The Web site is vigorous, getting tens and hundreds of thousands of page views a day, steadily increasing readership. This blog is one of more than 40. And they are not all about sports. Elizabeth Large has built up a devoted following. Read Street has found a way to expand coverage of books beyond what is possible in the print edition. And even this humble offering, on a subject that would never have been granted even the most miserly space in the print edition, has drawn your attention. (Keep coming back.)
The print edition continues to offer you articles that you will not find elsewhere — except later in the news cycle on broadcast or in other publications.
Whether you prefer the new design of the paper edition or not, we have accomplished it with a reduced diminished staff on a demanding timetable.
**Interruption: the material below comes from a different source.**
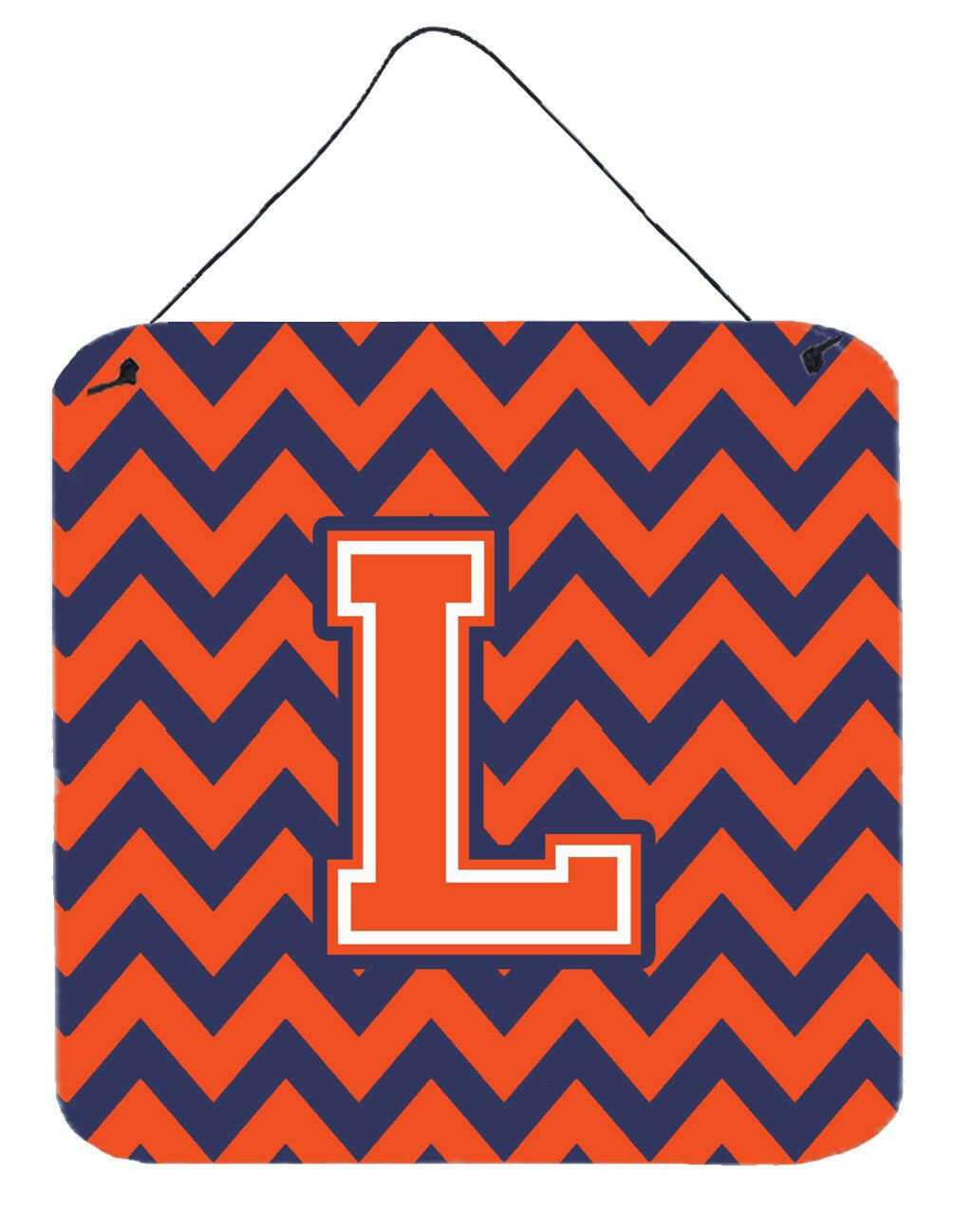 Letter L Chevron Orange and Blue Wall or Door Hanging Prints CJ1042-LDS66 by Caroline&#39;s Treasures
The Baltimore Sun continues to employ a staff that can bring off serious projects.
And on the copy desk — despite the recent departure of some of our veterans, including Andy Faith, who hired me 22 years ago and proved to be a stalwart colleague and valued friend — we also serve who sit and edit. Every working day for the past 22 years, I’ve been able to sign off knowing that The Sun has been more accurate, clearer, better for the work my colleagues and I have done. We edit seriously, and the paper benefits from it. We’re still here.
When I moved to Baltimore at the end of the summer of 1986 and walked into the building on Calvert Street, I felt that I had arrived at the big time. It’s still the big time.


Comments
Worth reading: http://www.washingtonpost.com/wp-dyn/content/article/2008/08/29/AR2008082902882.html?sid=ST2008083001203&s_pos=list
Posted by: Mike | September 2, 2008 1:43 PM
As one of those who came and went on your copy desk, I can attest to how you not only personally made the paper better to read but how you taught many of us, through direct instruction and critique but best of all by example, how to edit ... and appreciate good writing. I hope you, and the industry, reach your gold-watch anniversary, for your sake but most of all for that of readers.
Posted by: robert | September 2, 2008 4:31 PM
Don't applaud, throw money!
Posted by: boberl | September 2, 2008 8:18 PM
Thank you for being a guardian of the language (in Hebrew you would be called shomer lashon) and setting a high bar for our young people. And thank you for doing Syracuse University proud!